* [Description of the task] Restate word for word each line from the one containing "Pepperdust Metallic /" through the end of the material, and nothing more. Drop every picture.

* [Recorded data]
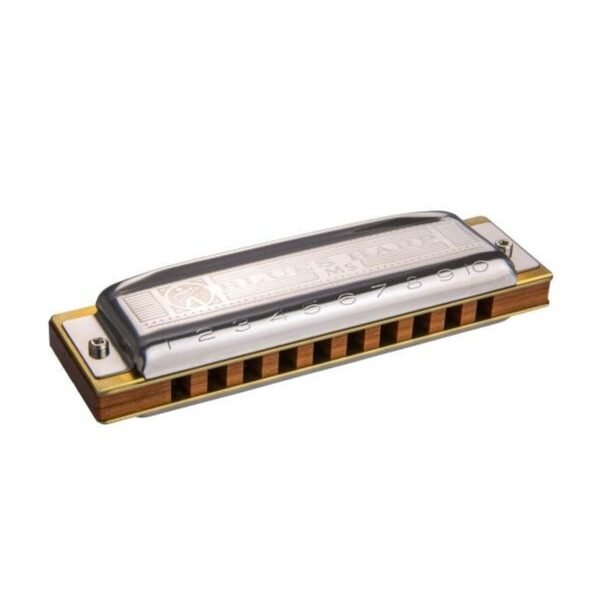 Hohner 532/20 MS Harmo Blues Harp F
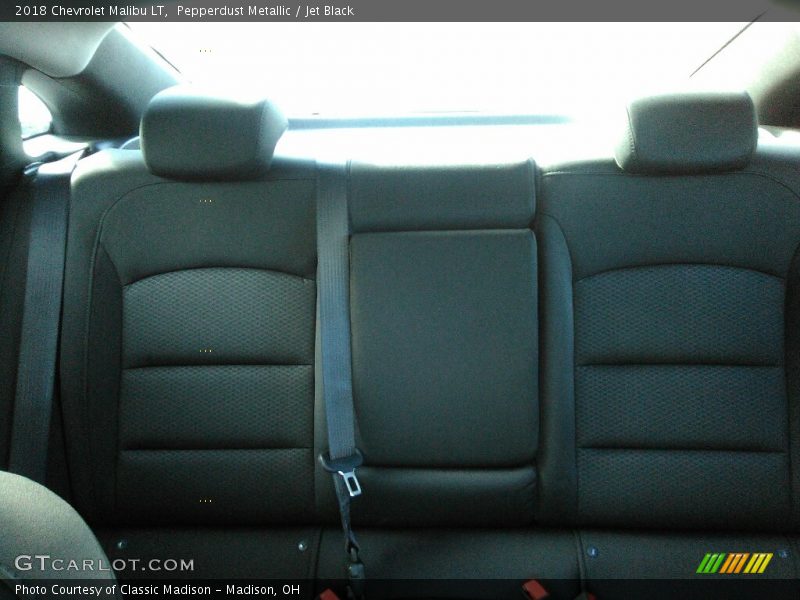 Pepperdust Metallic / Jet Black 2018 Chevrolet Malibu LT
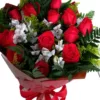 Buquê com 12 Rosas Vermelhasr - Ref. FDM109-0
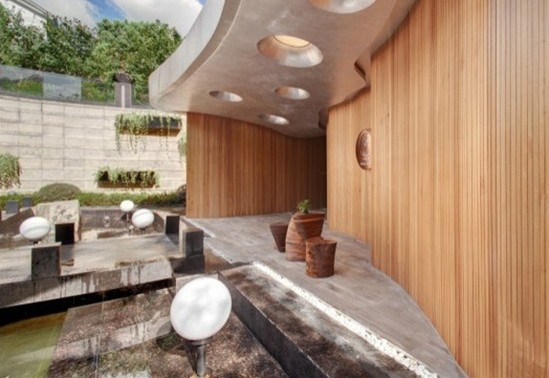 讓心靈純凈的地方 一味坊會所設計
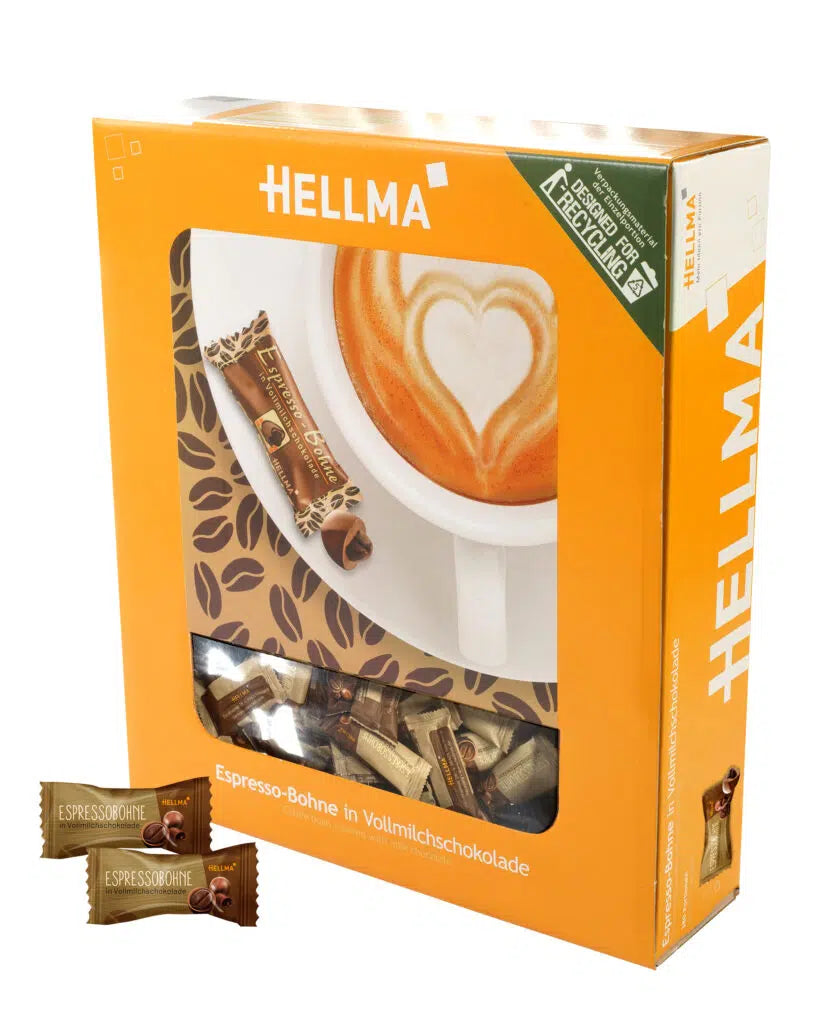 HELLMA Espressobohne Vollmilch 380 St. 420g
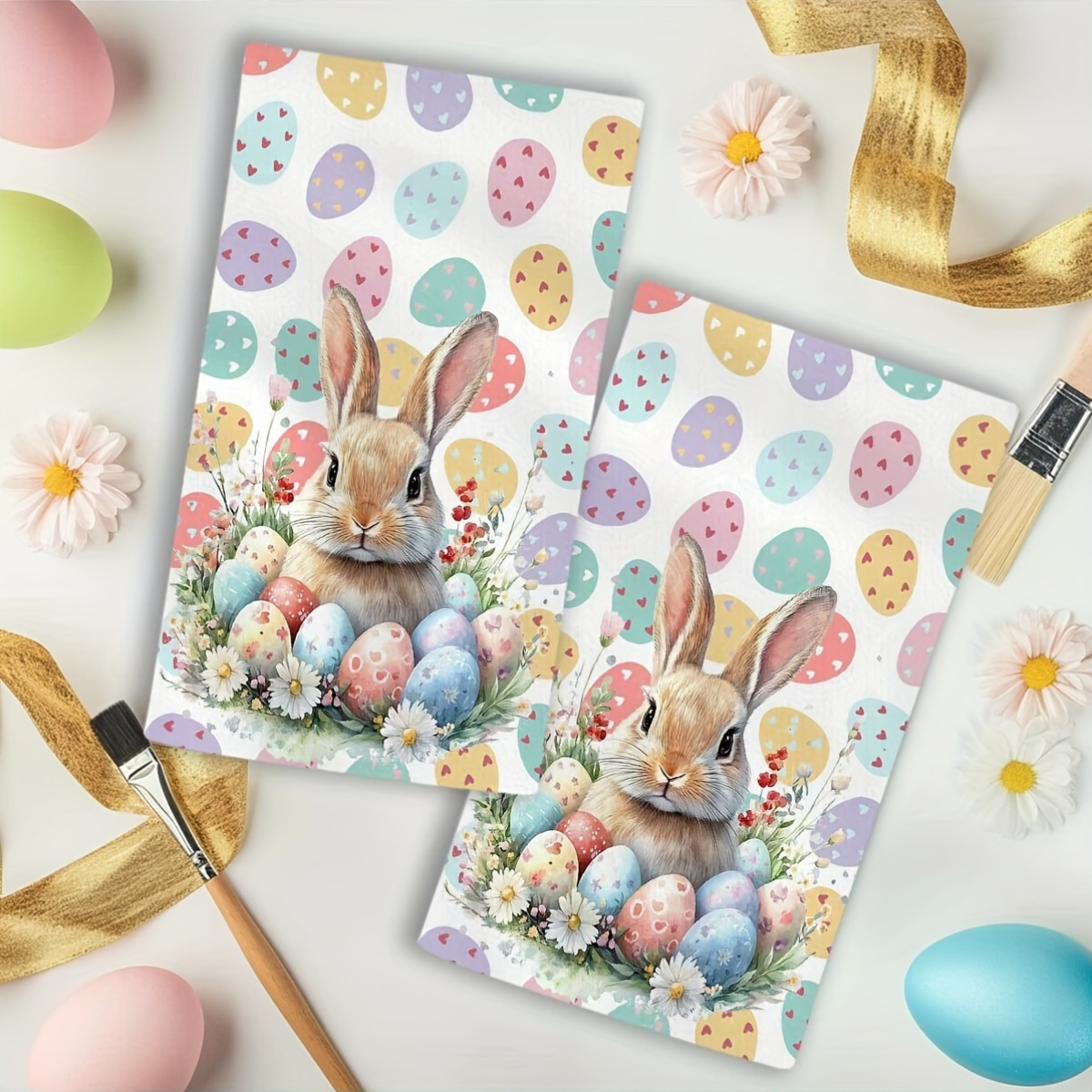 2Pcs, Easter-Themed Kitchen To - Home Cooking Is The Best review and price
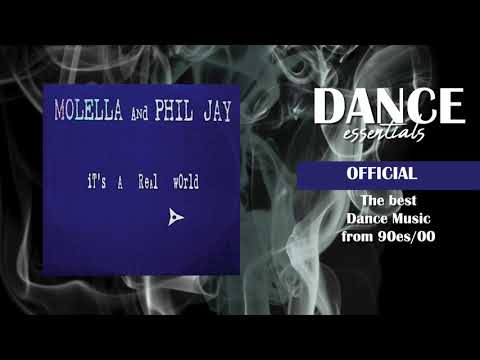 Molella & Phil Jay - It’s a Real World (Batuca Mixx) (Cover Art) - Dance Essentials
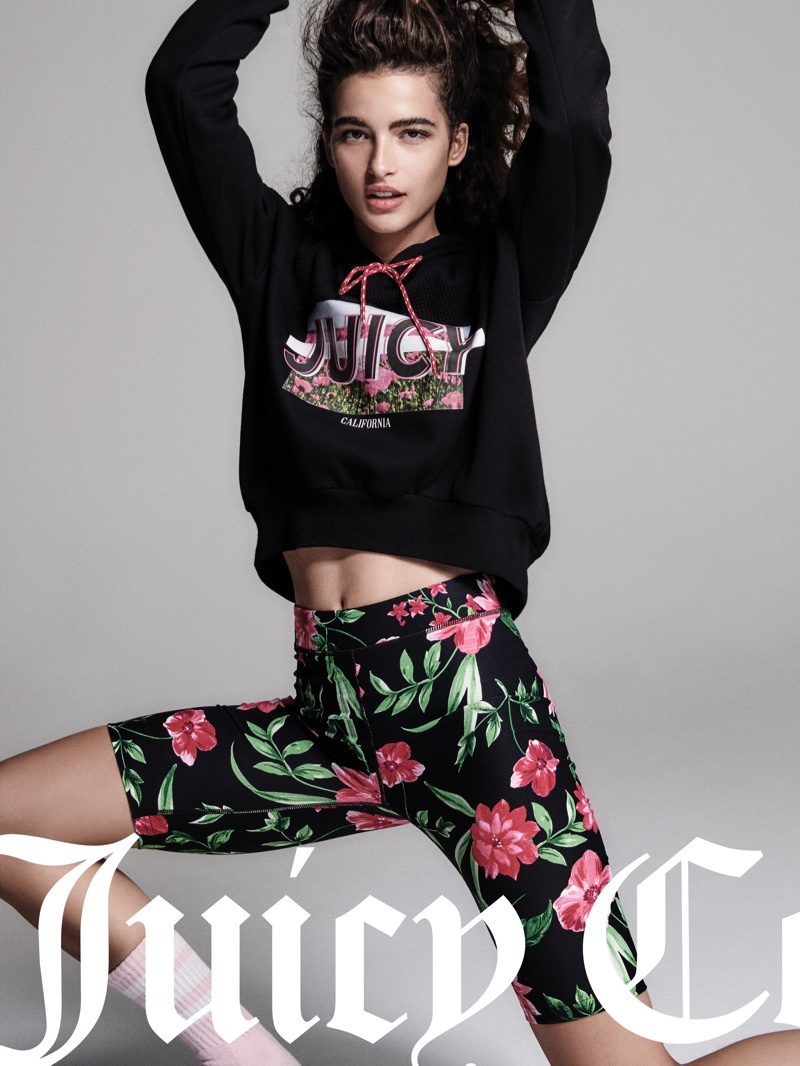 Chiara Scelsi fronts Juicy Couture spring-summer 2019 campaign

* [Written solution]
 Pepperdust Metallic / Jet Black 2018 Chevrolet Malibu LT
 Buquê com 12 Rosas Vermelhasr - Ref. FDM109-0
 讓心靈純凈的地方 一味坊會所設計
 HELLMA Espressobohne Vollmilch 380 St. 420g
 2Pcs, Easter-Themed Kitchen To - Home Cooking Is The Best review and price
 Molella & Phil Jay - It’s a Real World (Batuca Mixx) (Cover Art) - Dance Essentials
 Chiara Scelsi fronts Juicy Couture spring-summer 2019 campaign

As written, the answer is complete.